What's on the Front Page
The Worcester Daily Spy leads with an extraordinary reprinting of President Abraham Lincoln's personal letter to actor James Hackett, originally published in the Liverpool Post. Lincoln's August 17, 1863 letter reveals a surprisingly erudite president confessing his love of Shakespeare—particularly *Macbeth*, which he calls "wonderful"—while gracefully acknowledging his limited theatrical experience. The letter showcases Lincoln's wit, candor, and intellectual depth, directly challenging the widespread British and American perception of him as an uncouth rail-splitter unfit for high office. The editor uses the correspondence to mount a passionate defense of Lincoln's character, praising his honesty, courage, and "solemn faithfulness" during the Civil War. The page also reports encouraging Union victories in the Indiana election, with Indianapolis showing a 2,100-vote majority and counties across the state reporting substantial gains, suggesting the "Knights of the Golden Circle" (a pro-Confederate secret society) failed to turn the state disloyal. Local items include Charlotte Cushman's noble fundraising for the Sanitary Commission and various New England news briefs.
Why It Matters
October 1863 was a critical moment for the Lincoln administration and the Union cause. The Civil War was grinding toward its third year with no end in sight, and Northern morale was fragile—copperheads and Peace Democrats were agitating for negotiated settlement, while the Knights of the Golden Circle actively recruited in border states like Indiana and Ohio. Internationally, Britain and France remained tempted by Southern overtures for diplomatic recognition. This letter mattered because Lincoln's character—his judgment, his humanity—was being weaponized against him both at home and abroad. By publishing this intimate correspondence, the *Spy* was defending not just Lincoln's presidency but his fundamental fitness to lead.

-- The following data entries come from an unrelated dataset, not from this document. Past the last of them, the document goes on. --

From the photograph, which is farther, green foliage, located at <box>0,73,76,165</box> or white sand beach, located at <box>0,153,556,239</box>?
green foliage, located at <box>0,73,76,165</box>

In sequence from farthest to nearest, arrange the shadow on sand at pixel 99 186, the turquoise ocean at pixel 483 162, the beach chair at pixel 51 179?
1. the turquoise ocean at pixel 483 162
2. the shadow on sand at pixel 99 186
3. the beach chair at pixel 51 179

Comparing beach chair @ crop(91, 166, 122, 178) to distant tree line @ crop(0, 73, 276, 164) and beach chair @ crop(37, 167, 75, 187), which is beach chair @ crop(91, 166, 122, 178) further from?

The editor's sharp critique of British intellectual pretension also signals American anxiety about European opinion during a war that could be lost not on the battlefield but in London drawing rooms.
Hidden Gems
- Lincoln admits he has 'seen very little of the drama' in his lifetime and only saw *Falstaff* performed 'last winter or spring'—a remarkably limited cultural exposure for any public figure, yet he weaponizes this honesty against affectation.
- The editor savagely mocks British intellectual society for pretending to have read books they haven't, name-dropping 'Pascal,' 'Montaigne,' 'Juvenal,' and 'Sartor Resartus' while confessing most dinner-table intellectuals haven't actually opened them—a stunning indictment of 1863 Victorian hypocrisy.
- Actor James Hackett is praised not just for his brilliant *Falstaff* but for a remarkable personal redemption: 'Once an opulent merchant, and afterwards unfortunate, he went on the stage and paid every creditor in full out of the new fortune he made'—a self-made success story paralleling Lincoln's own.
- The Indiana election results show Union gains so lopsided that in 'some counties the opposition candidates seem scarcely to have been voted for at all,' suggesting near-total political capitulation of anti-Union forces.
- A New Hampshire military substitute from Newbury, Massachusetts stands six feet four and a half inches tall—towering even by modern standards, yet the paper merely reports this as curiosity, suggesting Civil War substitution (paying someone else to serve) was routine enough to warrant casual mention.
Fun Facts
- Lincoln's letter specifically praises the Hamlet soliloquy 'Oh, my offence is rank' over the more famous 'To be or not to be'—a genuinely sophisticated literary judgment that anticipates modern scholars' recognition of that speech's psychological complexity and dramatic power.
- The paper reports Charlotte Cushman raising $4,000 in Boston and Philadelphia for the Sanitary Commission with more performances planned—this organization would become the direct precursor to the American Red Cross, making her wartime fundraising literally foundational to modern American humanitarian infrastructure.
- Lincoln's *Macbeth* obsession takes on darker significance knowing his fate: he was reading *Macbeth* the night he was assassinated at Ford's Theatre just eighteen months after writing this letter—his favorite play would haunt his final hours.
- The editor's defense of Lincoln as superior to predecessor James Buchanan is cutting: Buchanan's 'suave deceitfulness and emptiness' had contributed directly to the nation's slide toward Civil War, making this 1863 contrast between failed and effective leadership urgently relevant to readers deciding Lincoln's fitness for re-election (which would occur one year later).
- The New Bedford whaling report mentions a single whale yielding 200 barrels of oil and 4,000 pounds of bone—representing tens of thousands of dollars in 1863 currency and explaining why New England whaling remained economically vital even as the industrial age arrived.